Dans un article, récemment, ils ont mis "astronome franco-malienne", alors que je suis française et que je ne l'évoquais pas du tout dans l'interview. Dans la vidéo We Talk, je fais une blague où je dis que je suis une femme de ménage de l'espace. Maintenant c’est repris dans les médias pour me définir, alors que c’est une blague dans la vidéo.
Tu peux m’expliquer ?
À un moment donné, dans le discours, je dis que ma mère est femme de ménage, et je dis pour rire : "Mais attends, je me rends compte que moi aussi je suis femme de ménage, mais dans l’espace", et j'ajoute : "Ah il y a une évolution quand même, de la Terre à l'espace il y a une courbe qui va vers le haut !". Je ne connaissais pas les milieux du journalisme et de la communication, leur manière de fonctionner, de prendre un terme et "BAM" on va te définir comme ça, que tu le veuilles ou non. Un autre truc que je n’ai pas trop apprécié : les gens qui mettent "de famille modeste". Si la fille avait été blanche, on aurait mis ça ?

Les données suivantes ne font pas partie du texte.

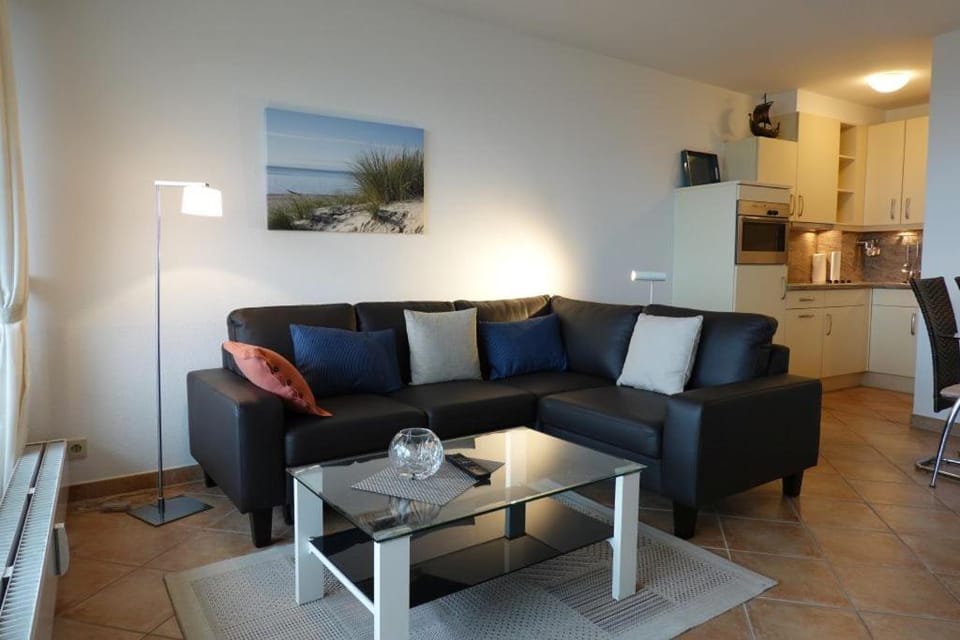 Bei de Wyk Ferienwohnung Bei de Wyk C20 Apartment in Nordfriesland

Je ne sais pas. Tu penses ?
Je ne sais pas non plus. Mais je sais qu’il y a quelqu’un un jour qui a fait un article sur moi et sur une autre fille, qui était dans l’astrophysique comme moi. Pour elle, ils ont mis comme titre "Exploratrice de l’univers", pour moi ils ont mis "Étoile noire de l’astronomie". Dans l'article il y avait "famille modeste", "93", et seulement deux mots pour mon travail.
C’est paradoxal, parce que comme tu le dis, toi-même tu as voulu prendre la parole pour dénoncer des clichés, et finalement tu te les prends quand même, mais dans l'autre sens. Prise à ton propre piège ?

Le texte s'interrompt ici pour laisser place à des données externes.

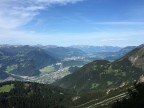 Elsspitze, Bärenköpfle und Breithorn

Ce que je leur reproche, c’est que je suis montrée comme une belle histoire, enfin surtout comme une histoire unique.
Il y a d’autres personnes comme moi ! C’est juste qu’on ne les connaît pas. Ces gens-là, on ne les met pas en avant.
Comment tu as envie qu’on parle de toi, en fait ?
Je voudrais qu’on parle de mon travail !
Eh bien parlons-en justement, quel est ton but, concernant les débris spatiaux ?
Quand on parle des débris spatiaux, aujourd’hui la moitié est créée soit par une collision soit par une explosion. Aujourd’hui, on a une réaction naturelle qui veut dire que même si on arrêtait d’envoyer des objets dans l’espace, le nombre de débris ne cesserait jamais d’augmenter.
Un débris de 5 centimètres, dans l'espace, ça a à-peu-près l'énergie d'un bus. Et ça peut avoir des conséquences très lourdes.
L’espace autour de la Terre est trop encombré. On ne pourra pas envoyer de nouvelles fusées, de nouveaux satellites, sans qu’ils risquent d’être détruits par un débris.
Et ça, c’est à quelle échéance que ça peut commencer à être dangereux ?
La NASA estime la date à 2025. En sachant que dans l'espace, tout prend énormément de temps à se mettre en place, ça laisse très peu de temps. Il y a des entreprises qui ont commencé à travailler dessus, dont une entreprise singapourienne, Astroscale, qui affirme qu’elle lancera bientôt son aspirateur. Chacun travaille sur sa propre méthode.
En ce moment, tu es l’une des femmes présentées dans l’exposition "Space Girls". Est-ce que tu peux m’en parler un peu ?
C’est une exposition qui présente 90 portraits de femmes venues de partout dans le monde. Il y en a 18 qui sont en interview vidéo. C'est l'agence de photographie Sipa qui est à l'origine du projet.
D'habitude, on ne le voit pas, les femmes. On est à peine 17% dans le domaine du spatial.
On m'a déjà dit : " T'es pas une vraie fille, tu bosses dans le spatial". Ça prouve qu'il y a un changement à faire dans les mentalités, dès l'école.
À ce propos, tu as créé une association, l'Éphéméride, l'année dernière. Tu vas dans les écoles. Quelle est ta démarche ?
Des collèges et des lycées m'ont appelée pour que j'intervienne chez eux. C'est face aux questions des élèves que j'ai eu l'idée de créer l'association. Ils me disaient tout le temps "Ah mais c'est un truc de malade, tu fais de l'astronomie".
Je voulais leur dire : tu sais l'astronomie ça fait scintiller les yeux, et je ne dis pas que ce n'est pas dur... Mais simplement que si tu veux tu peux y arriver - il suffit de travailler.